**Your objective**: Please reproduce the data exactly and omit the pictures.

**Data segment**:
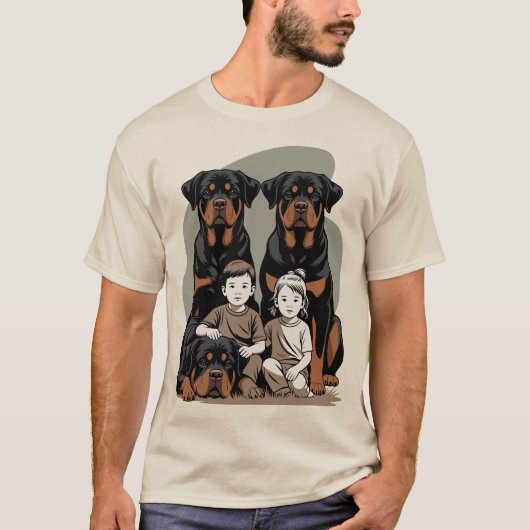 ロットワイラー、家族の番犬 Tシャツ (正面)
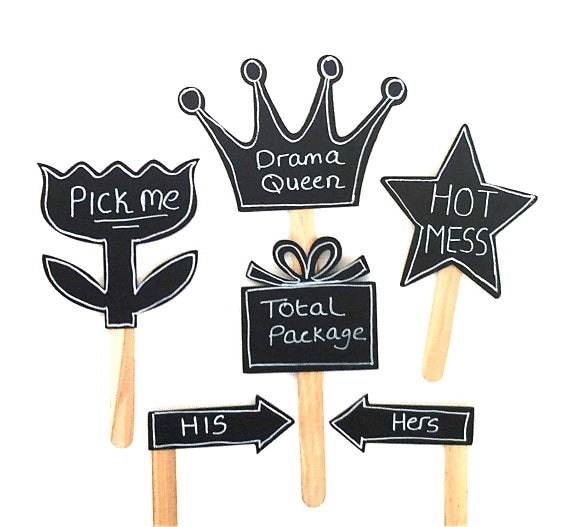 6 Chalkboard Photo Booth Props Speech Bubble Props Chalk board
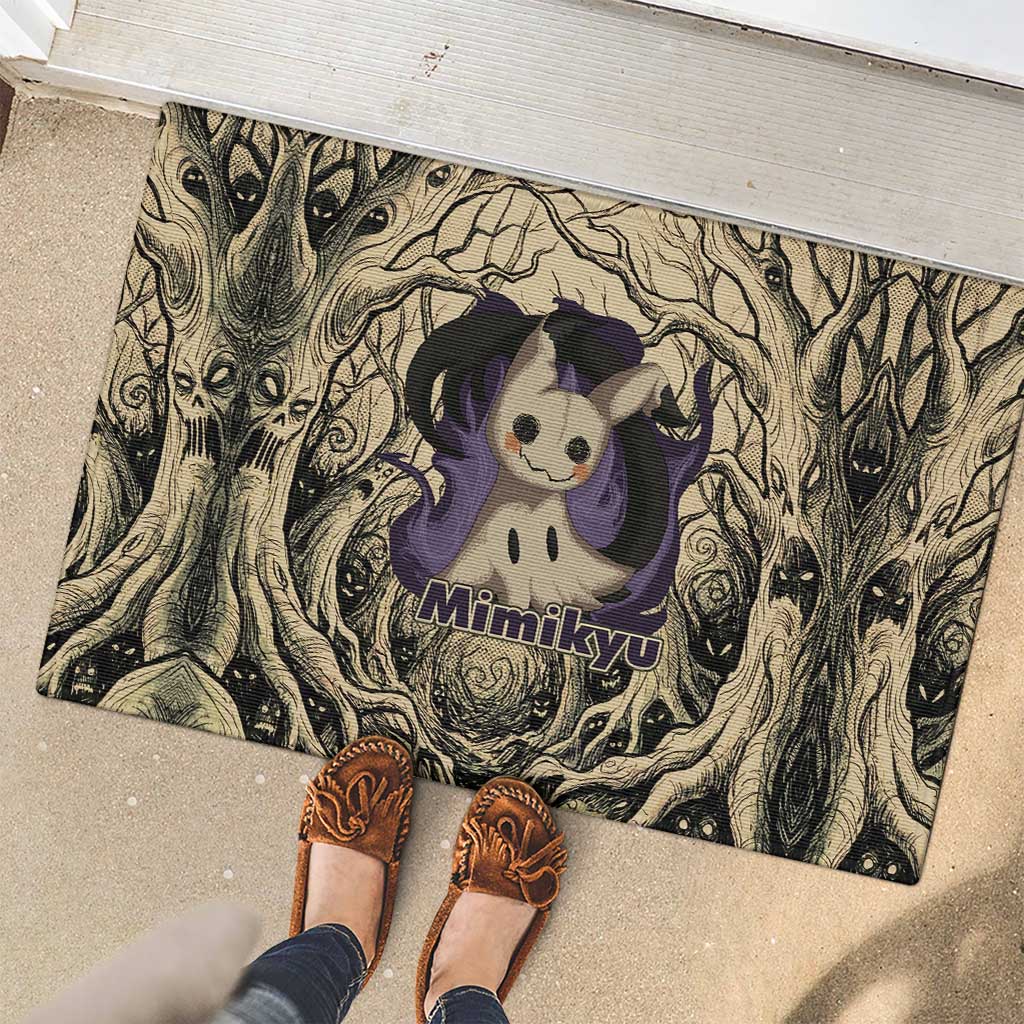Mimikyu Forest Shadows Rubber Doormat Mimikyu’s Curse - Shadows Beneath the Mask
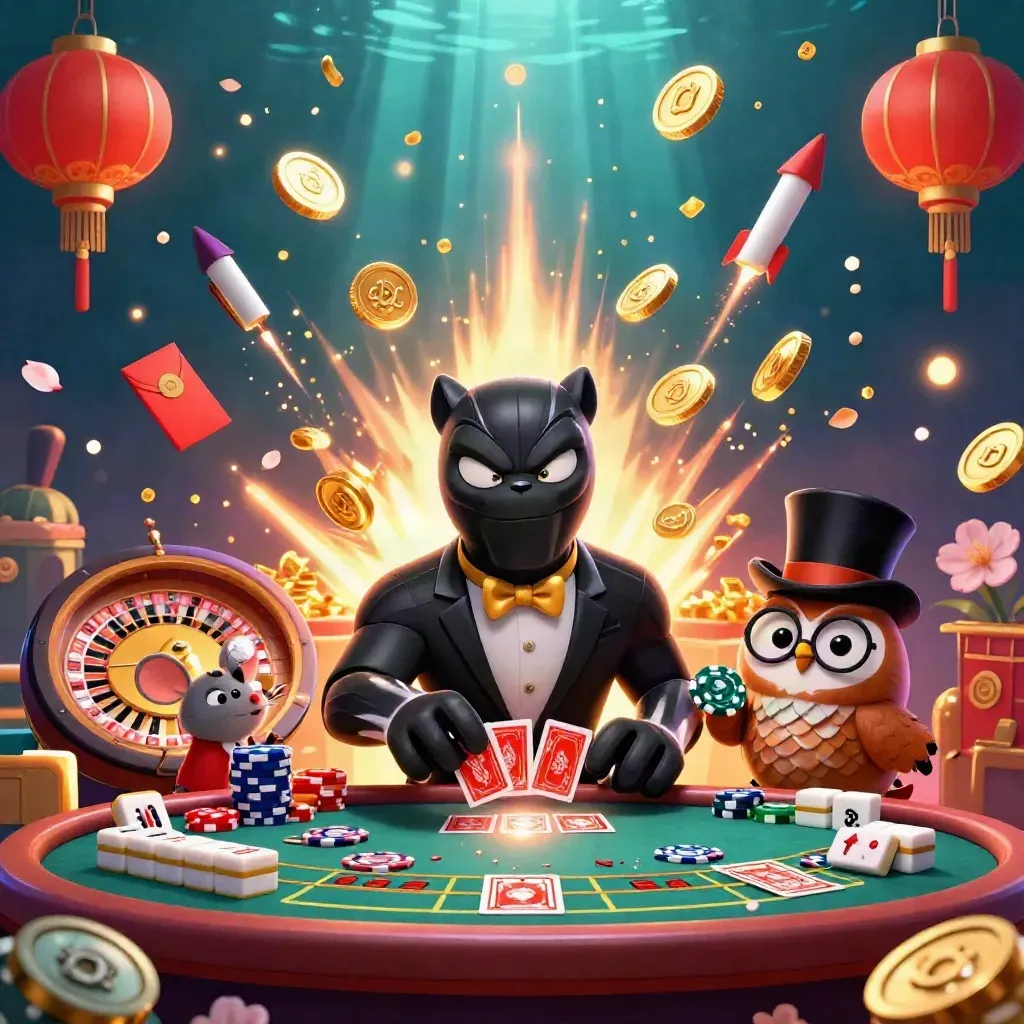 Panther, owl, and mouse amid coins, fireworks, lanterns, and casino tables in luxe neon fantasy.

**Result**:
 ロットワイラー、家族の番犬 Tシャツ (正面)
 6 Chalkboard Photo Booth Props Speech Bubble Props Chalk board
Mimikyu Forest Shadows Rubber Doormat Mimikyu’s Curse - Shadows Beneath the Mask
 Panther, owl, and mouse amid coins, fireworks, lanterns, and casino tables in luxe neon fantasy.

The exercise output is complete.